Hanover College, a private liberal arts institution in Southern Indiana, recently announced it will no longer require standardized testing scores from the ACT or SAT when it evaluates students for admission.
Hanover, which ranks No. 122 on U.S. News & World Report’s 2017 list of National Liberal Arts Colleges, becomes the ninth Indiana higher education institution to adopt a “test optional” or “test flexible” policy. Several Capture Higher Ed partners are now test optional, including most recently Dominican College, which announced the new policy for first-time applicants to their Fall 2018 semester.
The Indianapolis Star, citing a list compiled by FairTest, reports that more than 960 accredited colleges and universities awarding bachelor’s degrees don’t use the scores when deciding admission for some or all students.
The College Board, which administers the SAT, notes that the majority of those schools are for-profit schools, special focus schools or certificate schools.
Bob Schaeffer of FairTest said the list of schools dropping the test requirement has grown by nearly 100 over the past four years and now includes 275 institutions that rank in U.S. News & World Report’s top tiers.
Jon Riester, Hanover’s vice president for enrollment management, told the Star that SAT and ACT tests carry a socioeconomic bias, and that internal Hanover data show a strong correlation between household income and performance on standardized testing.
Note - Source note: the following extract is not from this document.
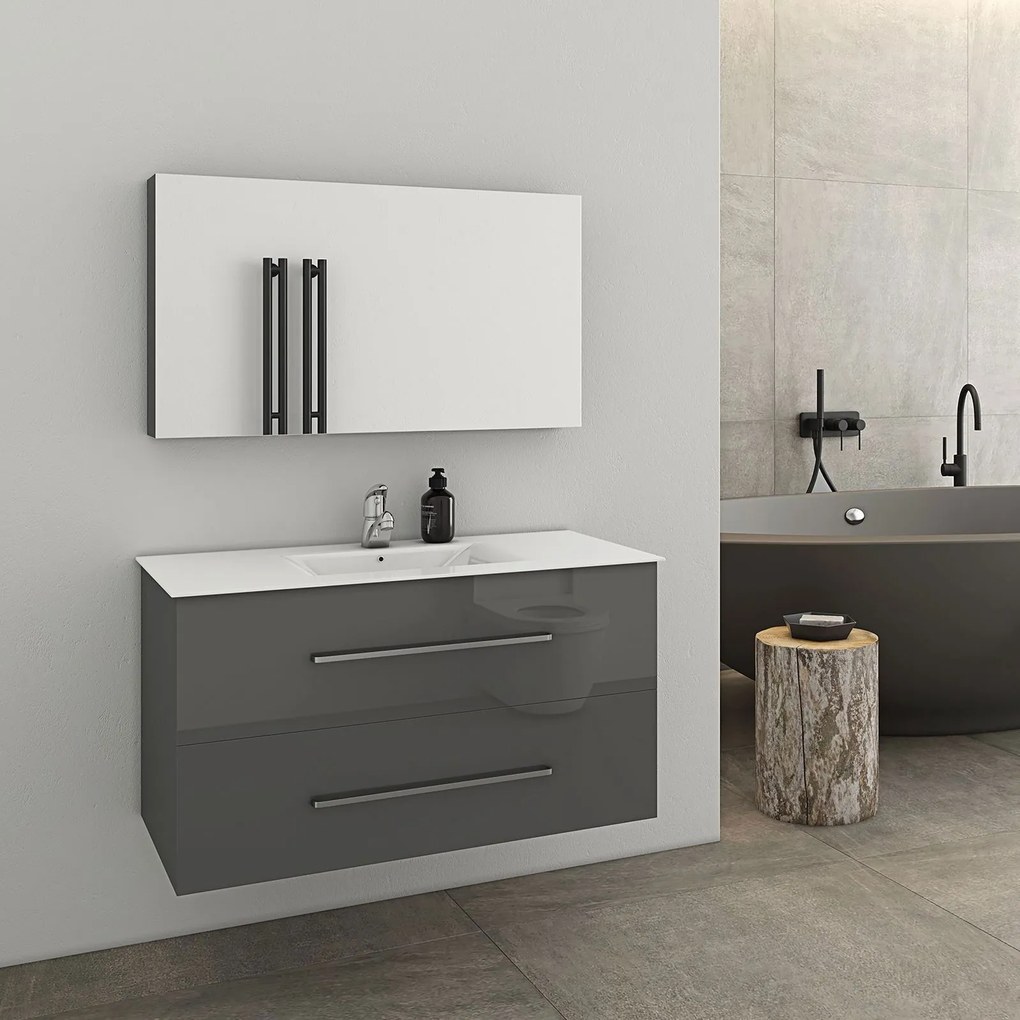 Комплект за баня Drop Torino 90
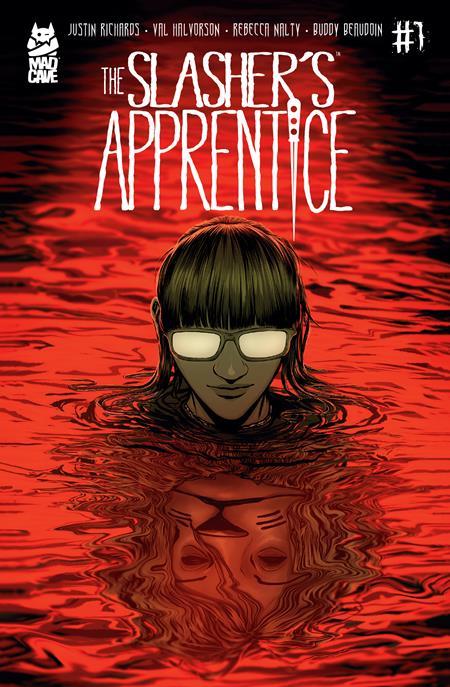 SLASHERS APPRENTICE #1 (OF 5) CVR A VAL HALVORSON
Some critics of the standardized say students from low-income families can’t afford to pay for test-prep classes or tutors that help more affluent students boost their scores.
The College Board maintains that research shows the SAT is a valid predictor of college outcomes, including grade-point average, retention and completion. The board argues that high school grades are not objective measures because they they’re subject to variables such as school demographics, teacher discretion and state and district standards.
Pamela Horne, vice provost for enrollment management for Purdue University in West Lafayette, Ind., told the Star that SAT or ACT test scores offer a “common yardstick” for schools such as Purdue that enroll more than 40,000 students and receive applications from up to 5,000 high schools nationwide across the globe with differing grading scales.
She said Purdue looks at test scores in geographical context and takes other factors into account if a student’s application is strong but a test score isn’t.